----- Excerpted data -----

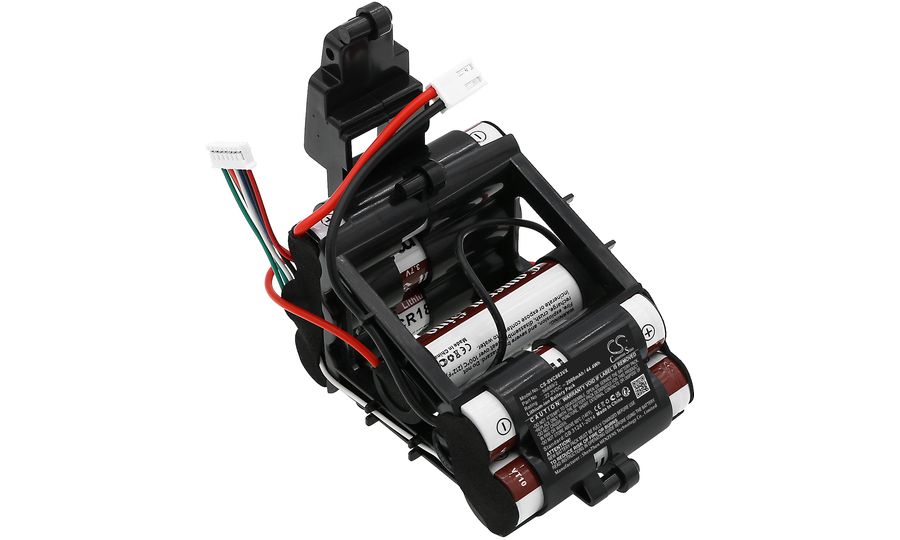 Akku für Sencor SVC 8621TI, 2000 mAh, Li-Ion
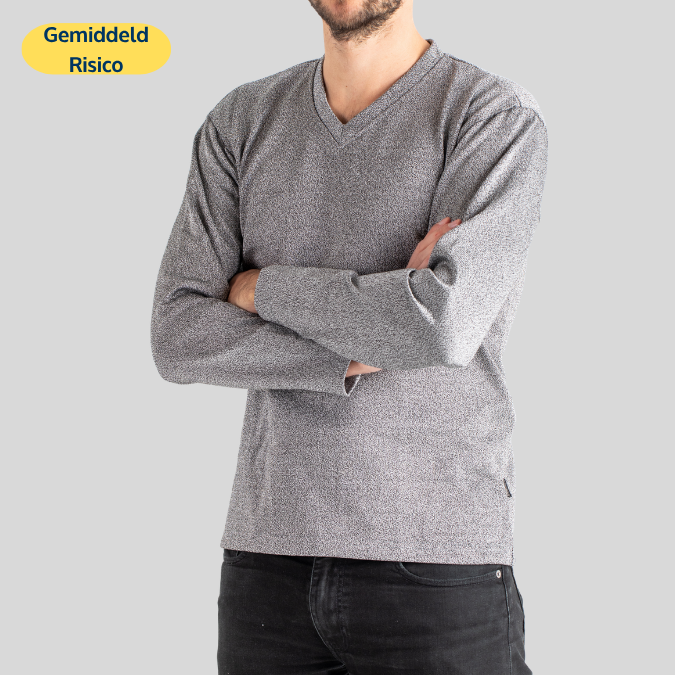 BitePRO® Bijtbestendig Sweatshirt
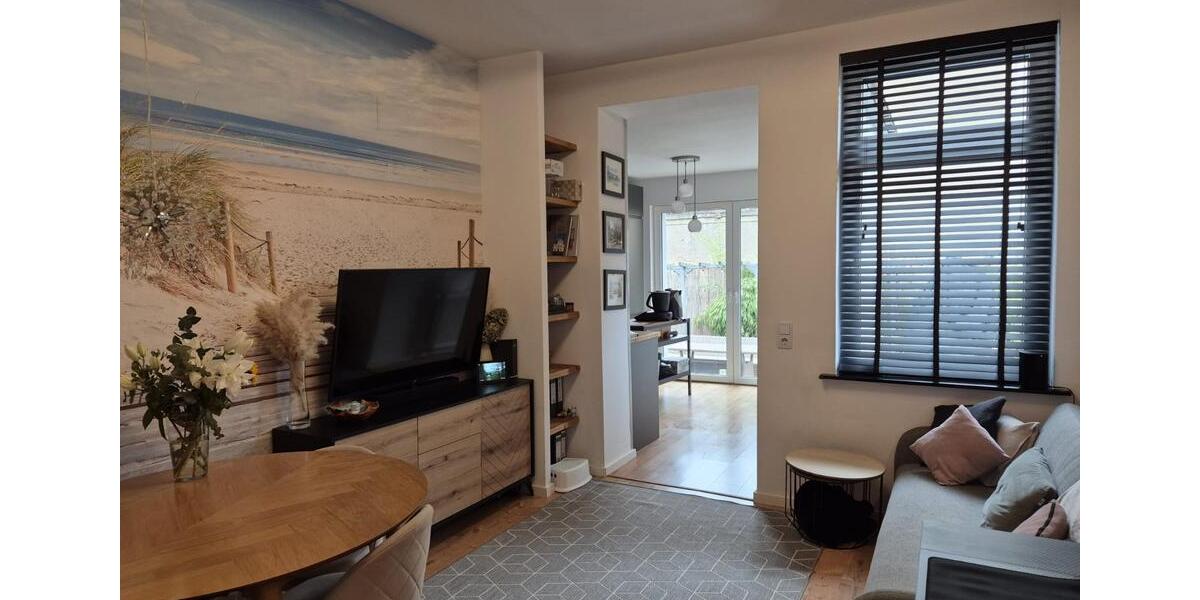 Erdgeschoßwohnung Lemgo - 3 Zimmer, 55 m&sup2;, 1.100&euro; | Angebot:25616691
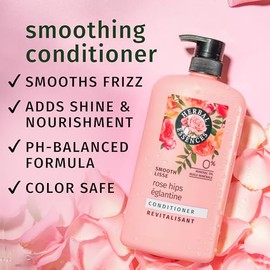 Herbal Essences Smooth collection conditioner, 29.2 fl oz, 29.2 Fl Oz
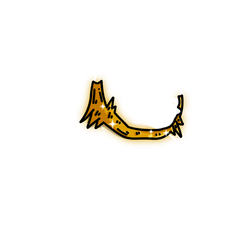 Golden Medium Chinstrap trait preview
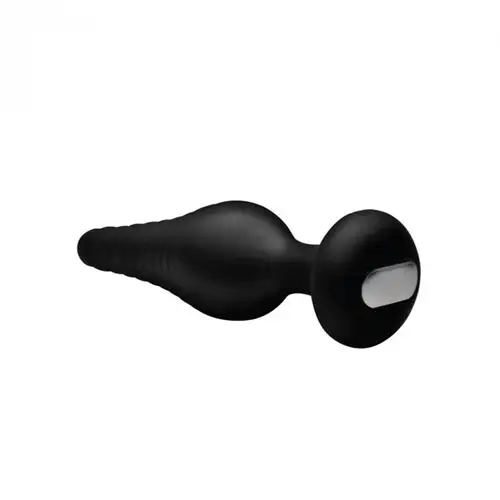 Under Control Vibrerende Buttplug Met Afstandsbediening 6 Under Control Vibrerende Buttplug Met Afstandsbediening - Afbeelding 4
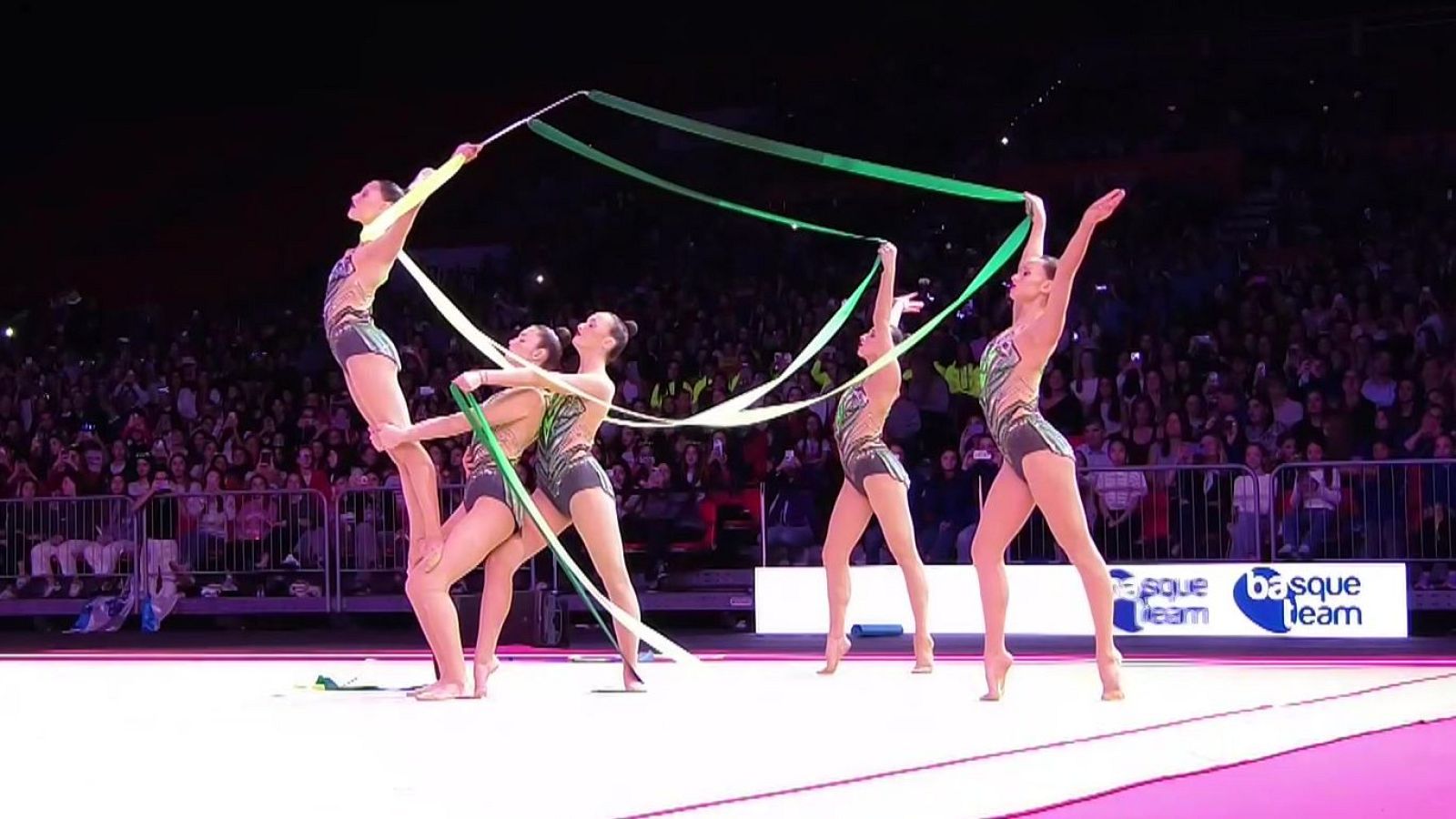 Gimnasia Rítmica - Gala Euskalgym - Gimnasia rítmica | Ver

-----

Exact reproduction is required for the lines from the one containing "Herbal Essences Smooth" through the end of the material, and for those lines only, without pictures.

 Herbal Essences Smooth collection conditioner, 29.2 fl oz, 29.2 Fl Oz
 Golden Medium Chinstrap trait preview
 Under Control Vibrerende Buttplug Met Afstandsbediening 6 Under Control Vibrerende Buttplug Met Afstandsbediening - Afbeelding 4
 Gimnasia Rítmica - Gala Euskalgym - Gimnasia rítmica | Ver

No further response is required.